How to Price Professional Services

Last week, a good friend and client asked for my advice about how to price a new project that she was about to undertake. In doing so, I said that it was difficult for me to do that since there are some subjective criteria involved, some of which she acknowledged.

Pricing professional services is a very tricky enterprise indeed. Below are some tips that come from a British blog called ReInvent Law. While the tips refer to legal pricing, the points apply to any professional service.

  • The fee is the result of a collaborative and “upfront” conversation with the client. 

  • The fee is the result of the client, not the lawyer, choosing the most appropriate pricing methodology for the circumstances – but one that nevertheless ”works” for the lawyer.

  • The client has been closely involved with scoping the job from the outset.

  • The selected pricing methodology addresses the client’s unique value drivers (which can change from job to job even with the same client).

  • There is an attempt to achieve a measure of alignment between the result and the fee, and not just the effort and the fee.

  • The fee strategy reflects a demonstrable alignment of both the lawyers’ and the clients’ interests.

  • Just as importantly as all the foregoing client-centric issues, the lawyer must be fully rewarded to their satisfaction for the effort expended, the results achieved, the value delivered and the risk assumed in undertaking the work.

Pricing is not simply a knew jerk calculation of time multiplied by hourly rate plus what ever costs may be incurred. Indeed, one of the reasons why so many people look at legal fees or other professional fees with a great deal of skepticism is the fact that the prices seem inflated to many consumers and small business owners.

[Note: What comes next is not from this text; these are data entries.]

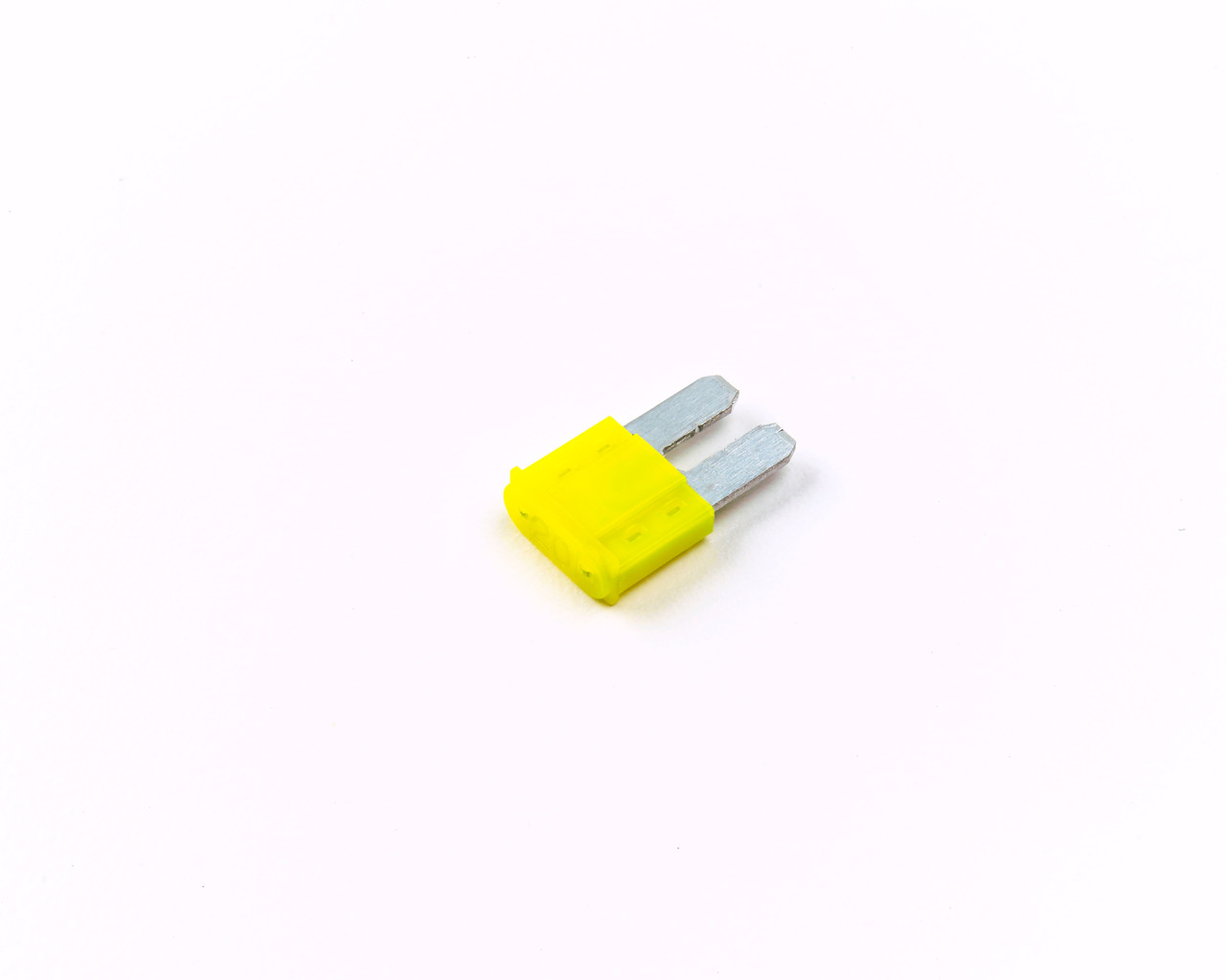 Micro Blade 2-Blade Fuse 20A 32V @ 5 Pack - Amber  82-ANT-20A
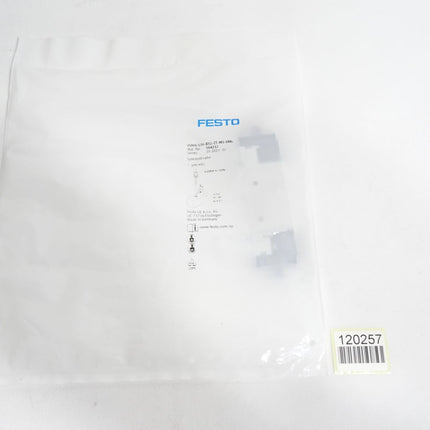 Festo Magnetventil VUVG-L10-B52-ZT-M5-1R8L 564212 / Neu OVP - Maranos.de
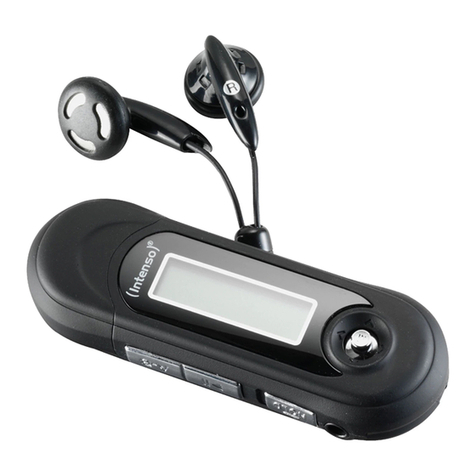 Intenso Music Walker manual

One of the most important aspects of pricing professional services may indeed be alignment of the result and the fee, not just the effort and the fee. Many professional contracts are essentially a “time and materials” type contract, one in which the expenditure of effort is the key metric. But if a service provider is looking at the value of the end product, including its impact on costs in the future, then a better case can be made for a fee. For example, an attorney asked to draft a services agreement may spend only six hours actually writing the contract. But the advice that comes with the drafting project as well as the savings to the business going forward makes the service something more than just a drafting exercise. If the conversation before the project begins includes a discussion of the longer term cost benefits to the client, the result of the project makes its value more readily apparent.

If you are professional service provider, spending more time scoping the project and getting client buy-in to the project may result in a fee that may be higher, but is perceived by the client as fair.